Identifying the IP address of a domain can be incredibly valuable for OSINT purposes. This information can aid in creating a detailed map of a target's network infrastructure, pinpointing the physical location of a server, identifying the hosting service, and even discovering other domains that are hosted on the same IP address. In cybersecurity, it's also useful for tracking the sources of attacks or malicious activities.
SSL
The SSL task involves checking if the site has a valid Secure Sockets Layer (SSL) certificate. SSL is a protocol for establishing authenticated and encrypted links between networked computers. It's commonly used for securing communications over the internet, such as web browsing sessions, email transmissions, and more. In this task, we reach out to the server and initiate a SSL handshake. If successful, we gather details about the SSL certificate presented by the server.
SSL certificates not only provide the assurance that data transmission to and from the website is secure, but they also provide valuable OSINT data. Information from an SSL certificate can include the issuing authority, the domain name, its validity period, and sometimes even organization details. This can be useful for verifying the authenticity of a website, understanding its security setup, or even for discovering associated subdomains or other services.
DNS Records
The DNS Records task involves querying the Domain Name System (DNS) for records associated with the target domain.

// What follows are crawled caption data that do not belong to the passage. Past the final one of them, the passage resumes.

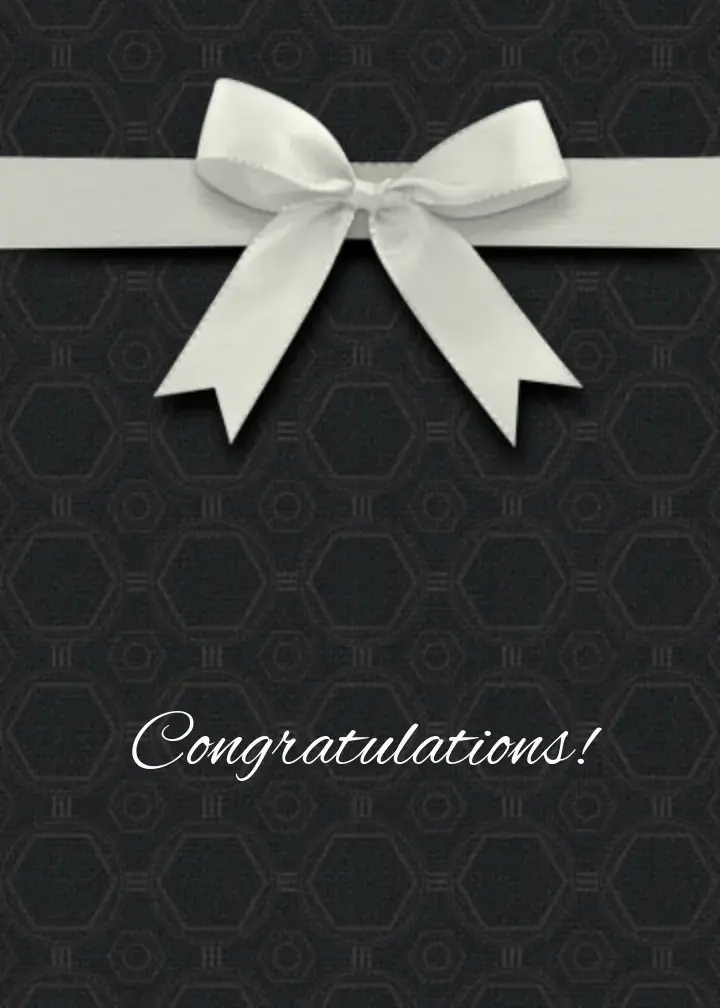 Wedding Bow card image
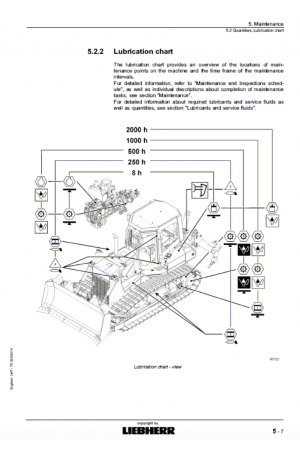Liebherr Liebherr PR744 Series 4 Operator's and Maintenance Manual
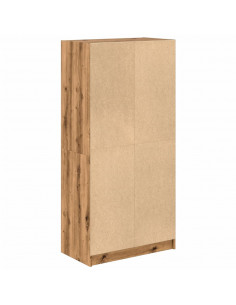 Credenza con Ante Rovere Artigianale 68x37x142 cm Multistrato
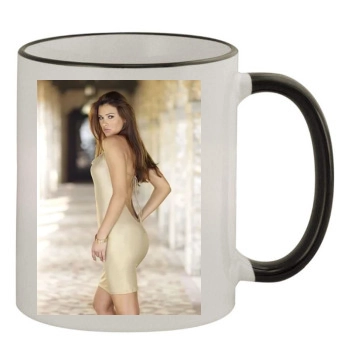 Alina Vacariu 11oz Colored Rim & Handle Mug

DNS is a system that translates human-readable domain names into IP addresses that computers use to communicate. Various types of DNS records exist, including A (address), MX (mail exchange), NS (name server), CNAME (canonical name), and TXT (text), among others.
Extracting DNS records can provide a wealth of information in an OSINT investigation. For example, A and AAAA records can disclose IP addresses associated with a domain, potentially revealing the location of servers. MX records can give clues about a domain's email provider. TXT records are often used for various administrative purposes and can sometimes inadvertently leak internal information. Understanding a domain's DNS setup can also be useful in understanding how its online infrastructure is built and managed.
Cookies
The Cookies task involves examining the HTTP cookies set by the target website. Cookies are small pieces of data stored on the user's computer by the web browser while browsing a website. They hold a modest amount of data specific to a particular client and website, such as site preferences, the state of the user's session, or tracking information.
Cookies provide a wealth of information in an OSINT investigation. They can disclose information about how the website tracks and interacts with its users. For instance, session cookies can reveal how user sessions are managed, and tracking cookies can hint at what kind of tracking or analytics frameworks are being used. Additionally, examining cookie policies and practices can offer insights into the site's security settings and compliance with privacy regulations.
Crawl Rules
The Crawl Rules task is focused on retrieving and interpreting the 'robots.txt' file from the target website. This text file is part of the Robots Exclusion Protocol (REP), a group of web standards that regulate how robots crawl the web, access and index content, and serve that content up to users. The file indicates which parts of the site the website owner doesn't want to be accessed by web crawler bots.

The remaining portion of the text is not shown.